═══ Exercise data

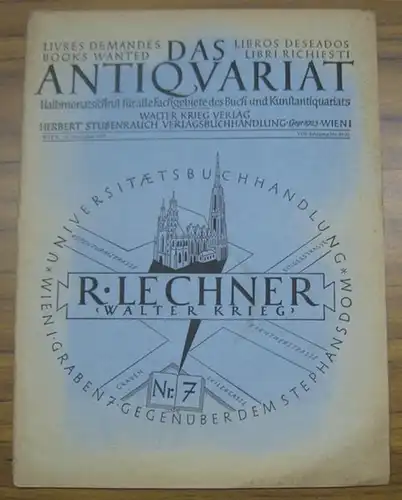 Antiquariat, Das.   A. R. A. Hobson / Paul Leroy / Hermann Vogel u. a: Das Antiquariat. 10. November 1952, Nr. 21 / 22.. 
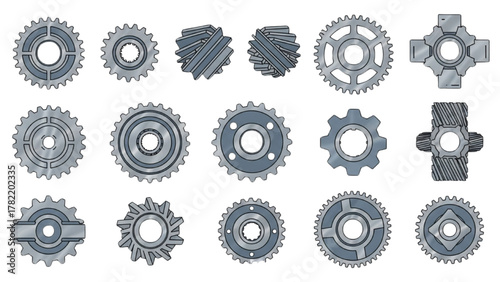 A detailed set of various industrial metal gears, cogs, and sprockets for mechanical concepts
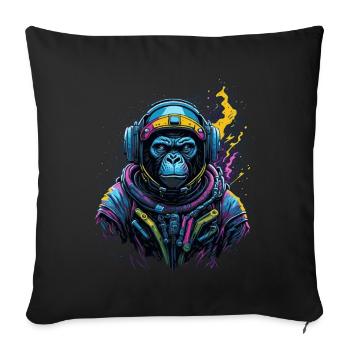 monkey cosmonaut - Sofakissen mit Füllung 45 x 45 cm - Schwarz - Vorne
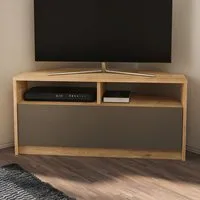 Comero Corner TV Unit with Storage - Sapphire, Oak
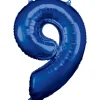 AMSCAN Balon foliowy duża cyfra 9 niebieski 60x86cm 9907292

══════
═══ Exercise data

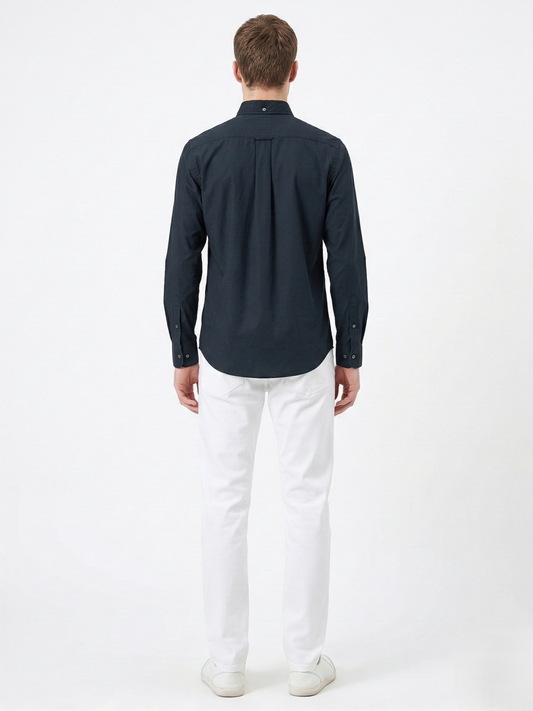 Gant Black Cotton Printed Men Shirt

══════
═══ Exercise data

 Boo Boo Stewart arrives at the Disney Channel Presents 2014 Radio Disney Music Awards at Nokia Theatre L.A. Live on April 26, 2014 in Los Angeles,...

══════

What you need to do: Nothing but the lines above from the line with "Nr. 21 / 22.." up to and including the line with "A detailed set" should be returned, exactly as written and without pictures.

Answer below:
 Antiquariat, Das.   A. R. A. Hobson / Paul Leroy / Hermann Vogel u. a: Das Antiquariat. 10. November 1952, Nr. 21 / 22.. 
 A detailed set of various industrial metal gears, cogs, and sprockets for mechanical concepts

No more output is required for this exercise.